There was -so much- interesting security news this week, probably related to the fact that Blackhat and DEFCON are all happening at the same time.
I've done my very best to be selective, but still ended up going over my usual limit of articles, I'm sorry :-) I hope you enjoy the result though!
- Monzo, the UK-based digital bank, had a big "woops" moment when it discovered that it had customer PIN codes in its logs, exposing it to around 100 internal engineers. About 20% of customers are affected: link.
- The Bank of Cardiff, based in California, exposed an s3 bucket with one million phone calls to customers: link.
- StockX, a "fashion and sneaker trading platform" (that's a thing?) was breached. They've fumbled the disclosure process, but at seems that 6.8 million records were stolen with personal information: link.
- CafePress, a t-shirt and merchandising site, had a breach impacted 23 million users. Half of the passwords were hashed with the inadequate SHA-1: link.
- State Farm Insurance suffered a credential stuffing attack. It's unclear how many customers were affected: link.
The audit was scoped to the eight most-used components, and found 34 significant vulnerabilities and a lot to be improved. The worst have already been fixed in the latest versions, it's worth checking out. Kudos to CNCF for doing this and being so transparent about it.
In this blogpost a security researcher explains how he found exposed information on a ton of companies, including NASA and Google, through Jira, the issue tracker. It's a bit hard to read, but if you use Jira at your place it's probably a good idea to go through it and double check your own settings.
It was reported by Bitdefender in August 2018, and is now being publicly disclosed. All major OS vendors have already released updates to mitigate the issue. While the disclosure says that it affects all modern CPU's, AMD says that they are not vulnerable to this variant.
Mathy Vanhoef (who discovered the KRACK attack) and Eyal Ronen have discovered flaws in the current WPA3 version. They were able to get the WiFi password twice, once through a flaw in the recommended key exchange algorithm, Brainpool, and once in the EAP-pwd authentication of FreeRADIUS devices. The discoveries might lead to a WPA 3.1.

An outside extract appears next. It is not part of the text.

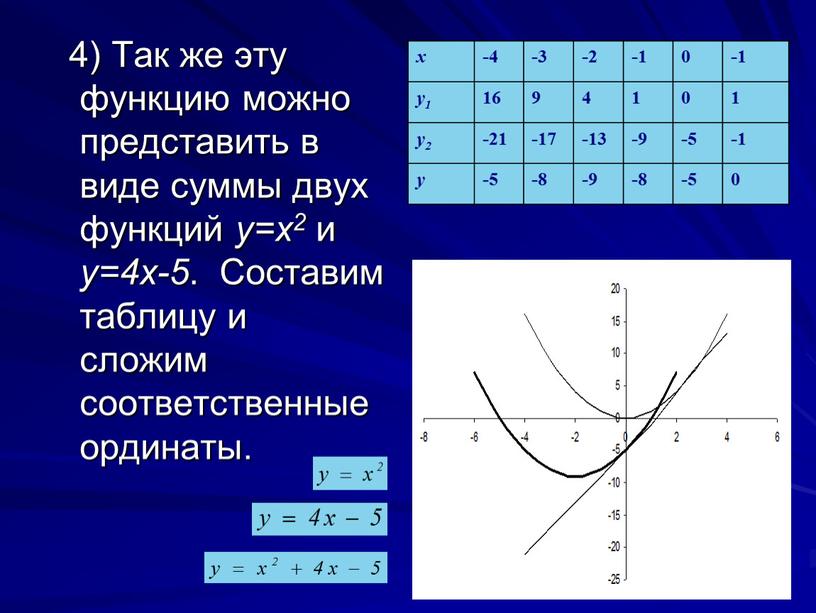 Так же эту функцию можно представить в виде суммы двух функций у=х2 и у=4х-5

Fascinating story. The attackers first bribed employees to unlock phones, but then got employees to deploy malware on the AT&T infrastructure, meant to automate much of the unlocking process. One employee got over $400.000 in bribes.
Microsoft announced at Black Hat that they are launching a separate cloud testing environment, dubbed Azure Security Lab, where researchers can wreck havoc without being afraid of impacting customers. There's a bounty of up to $300.000 for those who do. They are also upping their regular bug bounties, to $40.000 maximum.
More bug bounty news: Apple has increased their maximum bounty to a whopping $1 million. Their program now also includes pretty much their entire OS range, is open to all researchers, and interestingly gives you a 50% bonus on your bounty if you discovered the issue in a pre-release build.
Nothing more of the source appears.